■ **Assignment**: Take the lines below between the one holding "معاوضه با عروس" and the one holding "Teckel Sweater Mustard George - TQuel", inclusive, and copy them exactly. Add nothing.

■ **Exercise materials**:

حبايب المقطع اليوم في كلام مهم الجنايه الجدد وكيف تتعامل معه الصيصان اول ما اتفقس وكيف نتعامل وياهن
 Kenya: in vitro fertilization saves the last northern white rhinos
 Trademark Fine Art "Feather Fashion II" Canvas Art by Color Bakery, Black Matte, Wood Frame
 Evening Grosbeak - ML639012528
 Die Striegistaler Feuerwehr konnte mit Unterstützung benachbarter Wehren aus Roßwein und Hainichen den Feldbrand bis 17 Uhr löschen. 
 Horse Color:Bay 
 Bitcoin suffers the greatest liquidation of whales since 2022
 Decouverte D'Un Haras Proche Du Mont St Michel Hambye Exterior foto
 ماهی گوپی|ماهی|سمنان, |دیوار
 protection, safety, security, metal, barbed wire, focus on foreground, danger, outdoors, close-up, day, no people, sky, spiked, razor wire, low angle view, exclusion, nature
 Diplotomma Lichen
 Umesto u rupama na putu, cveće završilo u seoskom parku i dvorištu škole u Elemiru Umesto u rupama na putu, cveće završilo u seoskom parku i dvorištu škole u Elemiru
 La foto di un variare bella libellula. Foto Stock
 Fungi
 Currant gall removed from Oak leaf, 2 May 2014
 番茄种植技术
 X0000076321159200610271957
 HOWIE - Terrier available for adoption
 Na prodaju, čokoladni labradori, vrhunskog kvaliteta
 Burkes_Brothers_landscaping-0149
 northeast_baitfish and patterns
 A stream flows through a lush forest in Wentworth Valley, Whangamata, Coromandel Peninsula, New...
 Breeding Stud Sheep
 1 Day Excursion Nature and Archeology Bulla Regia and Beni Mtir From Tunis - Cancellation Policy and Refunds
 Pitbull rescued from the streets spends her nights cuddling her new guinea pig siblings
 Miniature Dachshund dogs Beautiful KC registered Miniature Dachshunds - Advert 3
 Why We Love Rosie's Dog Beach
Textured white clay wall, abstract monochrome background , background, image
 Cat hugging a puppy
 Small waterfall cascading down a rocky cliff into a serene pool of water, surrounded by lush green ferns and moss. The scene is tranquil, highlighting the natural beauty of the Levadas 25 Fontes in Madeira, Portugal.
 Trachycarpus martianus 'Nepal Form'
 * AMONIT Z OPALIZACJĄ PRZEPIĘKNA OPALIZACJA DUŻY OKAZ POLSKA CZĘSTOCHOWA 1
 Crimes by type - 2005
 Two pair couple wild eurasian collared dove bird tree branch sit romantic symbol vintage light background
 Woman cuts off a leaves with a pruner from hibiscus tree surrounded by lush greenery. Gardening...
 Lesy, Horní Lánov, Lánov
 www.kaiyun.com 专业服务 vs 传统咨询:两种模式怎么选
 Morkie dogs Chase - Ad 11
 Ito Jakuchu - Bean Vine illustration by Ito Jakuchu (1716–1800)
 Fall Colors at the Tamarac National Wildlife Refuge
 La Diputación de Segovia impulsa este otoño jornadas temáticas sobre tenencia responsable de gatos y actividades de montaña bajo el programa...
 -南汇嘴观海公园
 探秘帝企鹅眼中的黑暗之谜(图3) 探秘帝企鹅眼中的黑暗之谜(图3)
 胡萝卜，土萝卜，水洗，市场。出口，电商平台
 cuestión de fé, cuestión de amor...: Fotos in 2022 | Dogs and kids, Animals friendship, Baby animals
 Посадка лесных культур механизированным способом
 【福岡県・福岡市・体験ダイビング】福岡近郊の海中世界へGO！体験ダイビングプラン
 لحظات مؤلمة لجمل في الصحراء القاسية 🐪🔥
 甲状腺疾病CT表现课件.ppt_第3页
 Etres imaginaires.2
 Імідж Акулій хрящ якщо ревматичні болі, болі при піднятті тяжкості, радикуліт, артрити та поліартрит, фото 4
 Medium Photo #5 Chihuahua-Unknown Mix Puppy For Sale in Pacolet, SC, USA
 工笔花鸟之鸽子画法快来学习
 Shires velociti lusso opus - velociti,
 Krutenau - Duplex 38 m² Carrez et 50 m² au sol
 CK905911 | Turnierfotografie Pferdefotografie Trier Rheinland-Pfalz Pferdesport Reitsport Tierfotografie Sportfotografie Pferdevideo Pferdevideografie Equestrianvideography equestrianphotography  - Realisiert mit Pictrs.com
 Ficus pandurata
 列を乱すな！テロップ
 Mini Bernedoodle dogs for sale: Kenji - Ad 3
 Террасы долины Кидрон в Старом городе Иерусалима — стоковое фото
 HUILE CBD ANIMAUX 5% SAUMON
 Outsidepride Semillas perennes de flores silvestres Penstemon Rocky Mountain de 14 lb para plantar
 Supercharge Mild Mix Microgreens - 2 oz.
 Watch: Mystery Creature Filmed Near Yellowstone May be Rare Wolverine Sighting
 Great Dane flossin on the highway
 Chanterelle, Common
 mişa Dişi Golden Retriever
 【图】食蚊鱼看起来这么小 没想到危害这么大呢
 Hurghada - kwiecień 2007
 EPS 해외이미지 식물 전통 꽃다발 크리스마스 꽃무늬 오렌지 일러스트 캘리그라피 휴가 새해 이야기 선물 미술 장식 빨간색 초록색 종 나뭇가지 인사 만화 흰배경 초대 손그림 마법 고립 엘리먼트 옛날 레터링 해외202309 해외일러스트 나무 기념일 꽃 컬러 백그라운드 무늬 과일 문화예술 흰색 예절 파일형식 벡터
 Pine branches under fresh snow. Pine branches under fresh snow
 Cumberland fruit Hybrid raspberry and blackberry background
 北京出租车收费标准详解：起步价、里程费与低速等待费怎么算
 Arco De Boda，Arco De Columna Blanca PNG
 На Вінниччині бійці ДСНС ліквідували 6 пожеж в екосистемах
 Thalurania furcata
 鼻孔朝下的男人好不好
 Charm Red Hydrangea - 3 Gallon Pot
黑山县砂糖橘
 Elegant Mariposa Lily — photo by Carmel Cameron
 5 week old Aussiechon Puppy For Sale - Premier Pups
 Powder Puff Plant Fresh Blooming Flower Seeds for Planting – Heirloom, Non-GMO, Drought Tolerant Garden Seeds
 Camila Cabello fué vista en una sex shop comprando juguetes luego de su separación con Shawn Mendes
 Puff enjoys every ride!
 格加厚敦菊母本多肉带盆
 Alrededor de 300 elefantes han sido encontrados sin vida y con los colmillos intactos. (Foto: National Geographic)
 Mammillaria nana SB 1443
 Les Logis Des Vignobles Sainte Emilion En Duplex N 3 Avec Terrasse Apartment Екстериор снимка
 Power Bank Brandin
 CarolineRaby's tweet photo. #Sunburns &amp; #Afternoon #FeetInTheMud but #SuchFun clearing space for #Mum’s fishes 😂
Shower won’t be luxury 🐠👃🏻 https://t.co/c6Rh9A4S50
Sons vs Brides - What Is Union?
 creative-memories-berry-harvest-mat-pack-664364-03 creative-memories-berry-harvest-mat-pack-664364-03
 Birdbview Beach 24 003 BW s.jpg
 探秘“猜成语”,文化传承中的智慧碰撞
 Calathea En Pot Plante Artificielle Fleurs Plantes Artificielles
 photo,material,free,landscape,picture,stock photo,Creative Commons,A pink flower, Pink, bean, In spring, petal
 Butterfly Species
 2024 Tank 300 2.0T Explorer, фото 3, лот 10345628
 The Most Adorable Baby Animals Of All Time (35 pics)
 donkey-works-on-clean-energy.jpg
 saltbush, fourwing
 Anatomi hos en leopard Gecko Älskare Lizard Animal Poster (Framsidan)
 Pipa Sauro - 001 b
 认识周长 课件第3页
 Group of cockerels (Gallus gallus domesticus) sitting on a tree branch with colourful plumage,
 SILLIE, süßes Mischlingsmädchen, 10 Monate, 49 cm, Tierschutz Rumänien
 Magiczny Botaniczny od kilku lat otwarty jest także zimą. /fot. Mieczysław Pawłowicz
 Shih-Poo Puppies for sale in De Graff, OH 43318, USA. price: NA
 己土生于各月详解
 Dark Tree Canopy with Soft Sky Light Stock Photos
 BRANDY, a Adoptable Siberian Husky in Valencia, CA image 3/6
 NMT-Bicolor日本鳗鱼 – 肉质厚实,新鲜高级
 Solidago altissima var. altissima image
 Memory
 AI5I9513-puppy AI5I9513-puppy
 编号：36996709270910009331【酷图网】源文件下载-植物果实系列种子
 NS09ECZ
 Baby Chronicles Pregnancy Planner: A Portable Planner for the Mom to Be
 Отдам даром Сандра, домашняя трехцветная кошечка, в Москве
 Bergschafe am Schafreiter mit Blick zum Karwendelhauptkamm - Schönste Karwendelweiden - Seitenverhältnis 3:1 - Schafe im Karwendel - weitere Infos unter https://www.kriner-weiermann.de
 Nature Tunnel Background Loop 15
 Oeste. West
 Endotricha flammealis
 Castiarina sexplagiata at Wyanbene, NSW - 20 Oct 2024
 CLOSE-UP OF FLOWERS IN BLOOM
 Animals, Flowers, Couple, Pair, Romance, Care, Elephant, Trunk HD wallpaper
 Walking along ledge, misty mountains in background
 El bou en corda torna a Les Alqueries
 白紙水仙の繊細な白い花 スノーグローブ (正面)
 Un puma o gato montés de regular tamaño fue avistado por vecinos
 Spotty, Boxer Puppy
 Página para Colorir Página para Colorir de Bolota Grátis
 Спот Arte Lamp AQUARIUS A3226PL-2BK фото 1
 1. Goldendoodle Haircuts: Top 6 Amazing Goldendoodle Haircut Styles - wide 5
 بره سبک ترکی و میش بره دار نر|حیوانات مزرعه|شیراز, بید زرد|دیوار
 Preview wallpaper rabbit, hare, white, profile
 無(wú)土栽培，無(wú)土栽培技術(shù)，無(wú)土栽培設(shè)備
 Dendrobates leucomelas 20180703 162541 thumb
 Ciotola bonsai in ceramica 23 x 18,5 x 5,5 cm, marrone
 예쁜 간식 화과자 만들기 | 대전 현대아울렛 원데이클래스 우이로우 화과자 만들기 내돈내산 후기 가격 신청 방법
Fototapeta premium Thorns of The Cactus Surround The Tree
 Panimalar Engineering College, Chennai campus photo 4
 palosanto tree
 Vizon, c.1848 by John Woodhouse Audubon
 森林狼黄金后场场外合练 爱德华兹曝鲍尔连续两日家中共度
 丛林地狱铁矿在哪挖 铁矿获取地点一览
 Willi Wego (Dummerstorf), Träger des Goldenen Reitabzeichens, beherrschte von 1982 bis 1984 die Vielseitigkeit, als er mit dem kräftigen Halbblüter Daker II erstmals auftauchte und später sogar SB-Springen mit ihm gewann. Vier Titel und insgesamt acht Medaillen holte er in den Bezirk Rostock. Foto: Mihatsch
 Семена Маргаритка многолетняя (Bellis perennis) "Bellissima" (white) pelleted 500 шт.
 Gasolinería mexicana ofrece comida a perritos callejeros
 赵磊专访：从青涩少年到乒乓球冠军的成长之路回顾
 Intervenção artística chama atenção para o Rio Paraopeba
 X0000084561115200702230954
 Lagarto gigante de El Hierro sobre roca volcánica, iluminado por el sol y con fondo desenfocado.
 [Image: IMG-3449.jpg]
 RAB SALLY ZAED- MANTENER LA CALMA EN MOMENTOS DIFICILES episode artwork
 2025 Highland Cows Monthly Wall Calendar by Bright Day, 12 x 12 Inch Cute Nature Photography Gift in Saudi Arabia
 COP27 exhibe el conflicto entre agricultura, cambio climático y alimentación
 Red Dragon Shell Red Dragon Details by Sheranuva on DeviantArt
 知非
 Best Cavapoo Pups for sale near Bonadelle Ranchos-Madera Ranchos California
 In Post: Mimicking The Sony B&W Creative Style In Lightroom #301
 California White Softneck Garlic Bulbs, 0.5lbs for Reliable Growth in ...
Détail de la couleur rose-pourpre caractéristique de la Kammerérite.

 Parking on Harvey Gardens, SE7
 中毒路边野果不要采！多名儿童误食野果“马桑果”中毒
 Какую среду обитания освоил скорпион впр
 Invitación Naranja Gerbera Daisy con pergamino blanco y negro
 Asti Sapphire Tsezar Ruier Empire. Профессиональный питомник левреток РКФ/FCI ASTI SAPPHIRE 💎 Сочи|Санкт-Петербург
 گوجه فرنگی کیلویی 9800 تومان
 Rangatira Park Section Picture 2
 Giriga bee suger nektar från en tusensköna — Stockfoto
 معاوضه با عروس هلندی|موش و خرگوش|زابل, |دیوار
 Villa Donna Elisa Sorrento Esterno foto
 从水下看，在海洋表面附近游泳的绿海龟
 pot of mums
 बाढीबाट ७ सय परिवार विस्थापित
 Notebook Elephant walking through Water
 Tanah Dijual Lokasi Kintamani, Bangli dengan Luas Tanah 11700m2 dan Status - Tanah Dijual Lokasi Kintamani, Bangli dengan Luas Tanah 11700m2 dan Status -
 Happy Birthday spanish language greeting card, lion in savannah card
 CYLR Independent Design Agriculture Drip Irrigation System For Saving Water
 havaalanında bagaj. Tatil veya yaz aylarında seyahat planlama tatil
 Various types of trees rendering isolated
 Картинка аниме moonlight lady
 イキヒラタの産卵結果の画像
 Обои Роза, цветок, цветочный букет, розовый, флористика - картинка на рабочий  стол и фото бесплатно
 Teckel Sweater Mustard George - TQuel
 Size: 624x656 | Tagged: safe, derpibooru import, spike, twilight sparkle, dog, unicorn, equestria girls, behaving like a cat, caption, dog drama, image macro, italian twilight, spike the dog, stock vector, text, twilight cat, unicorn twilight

■ **Your response**:
 معاوضه با عروس هلندی|موش و خرگوش|زابل, |دیوار
 Villa Donna Elisa Sorrento Esterno foto
 从水下看，在海洋表面附近游泳的绿海龟
 pot of mums
 बाढीबाट ७ सय परिवार विस्थापित
 Notebook Elephant walking through Water
 Tanah Dijual Lokasi Kintamani, Bangli dengan Luas Tanah 11700m2 dan Status - Tanah Dijual Lokasi Kintamani, Bangli dengan Luas Tanah 11700m2 dan Status -
 Happy Birthday spanish language greeting card, lion in savannah card
 CYLR Independent Design Agriculture Drip Irrigation System For Saving Water
 havaalanında bagaj. Tatil veya yaz aylarında seyahat planlama tatil
 Various types of trees rendering isolated
 Картинка аниме moonlight lady
 イキヒラタの産卵結果の画像
 Обои Роза, цветок, цветочный букет, розовый, флористика - картинка на рабочий  стол и фото бесплатно
 Teckel Sweater Mustard George - TQuel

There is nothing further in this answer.